Ankara. El ejército turco bombardeó varios objetivos rebeldes kurdos en el norte de Irak, horas después de un atentado en Ankara en el que murieron 37 personas, según la agencia estatal de noticias.

Nueve F-16 y dos F-4 atacaron 18 posiciones en el norte de Irak del Partido de los Trabajadores del Curdistán, o PKK. Los ataques incluyeron las montañas de Qandil, donde tiene su base la cúpula del grupo armado. Los objetivos eran almacenes de munición, búnkeres y refugios.

Mientras tanto, la policía realizó varios registros en la ciudad sureña de Adana y detuvo a supuestos rebeldes del ilegalizado grupo curdo, indicó Anadolu. La agencia privada Dogan estimó que al menos 36 sospechosos habían sido detenidos. Otros 15 supuestos milicianos kurdos fueron detenidos en Estambul, indicó Anadolu.

La cifra de muertos en el atentado del domingo subió a 37 tras la muerte de tres personas por las heridas sufridas, indicó el ministro de Salud. Decenas de personas resultaron heridas.

La policía acordonó el bulevar donde se produjo el atentado mientras el personal forense buscaba pistas en la calle, la principal avenida de la ciudad. El atentado iba dirigido contra varios autobuses y a la gente que esperaba en paradas de autobús de la zona.
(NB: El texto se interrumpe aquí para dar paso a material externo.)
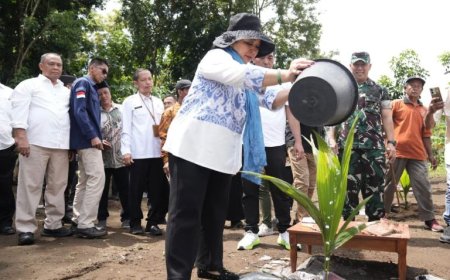 Reses di Sleman, Titiek Soeharto Tanam Kelapa Genjah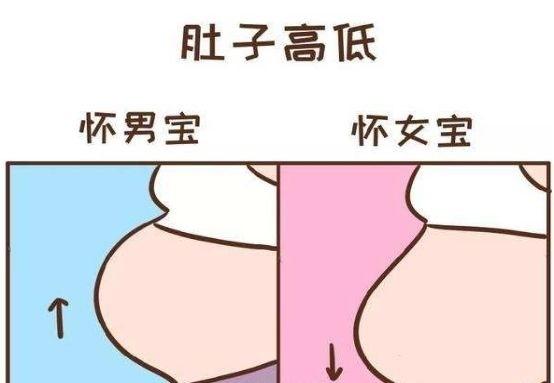 育儿说：怀孕妈妈孕肚高低有什么不同？都需要注意些什么呢？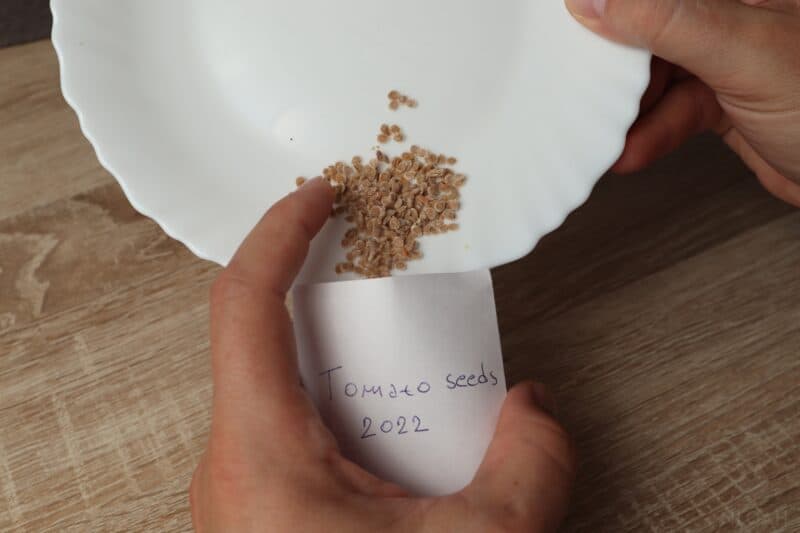 saving harvested tomato seeds into paper envelope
Las autoridades atribuyeron el atentado a milicianos kurdos y creen que fue obra de dos agresores, un hombre y una mujer, refirió un miembro del gobierno.

Se trata del segundo atentado con víctimas mortales en la capital turca atribuido a milicianos kurdos en el último mes. El presidente, Recep Tayyip Erdogan, prometió poner al terrorismo de rodillas .

El pasado 17 de febrero, 29 personas murieron en un atentado suicida con coche bomba en la capital contra autobuses de personal militar. Una escisión del ilegalizado PKK se atribuyó la autoría del atentado.

Turquía afronta varios problemas, como nuevos combates con los rebeldes kurdos, tensiones con una milicia kurda afiliada al PKK, amenazas del grupo Estado Islámico y una crisis de refugiados sirios.

Unas 210 personas han muerto en Turquía desde julio en cinco atentados suicidas, que se atribuyeron o bien a los rebeldes curdos o al grupo Estado Islámico.

La explosión del domingo se produjo mientras las fuerzas de seguridad preparaban operaciones a gran escala contra milicianos en dos localidades de mayoría kurda. Varios vecinos huyeron de las dos ciudades después de que las autoridades anunciaran toques de queda durante el fin de semana. El Ejército desplegó muchos tanques cerca de las localidades al anunciar los toques de queda, pero no estaba claro cuándo comenzaría la ofensiva.

El PKK está considerado como una organización terrorista por Turquía, Estados Unidos y la Unión Europea. El frágil proceso de paz entre el PKK y el gobierno turco se derrumbó en julio, reavivando una lucha en la que han muerto decenas de miles de personas desde 1984.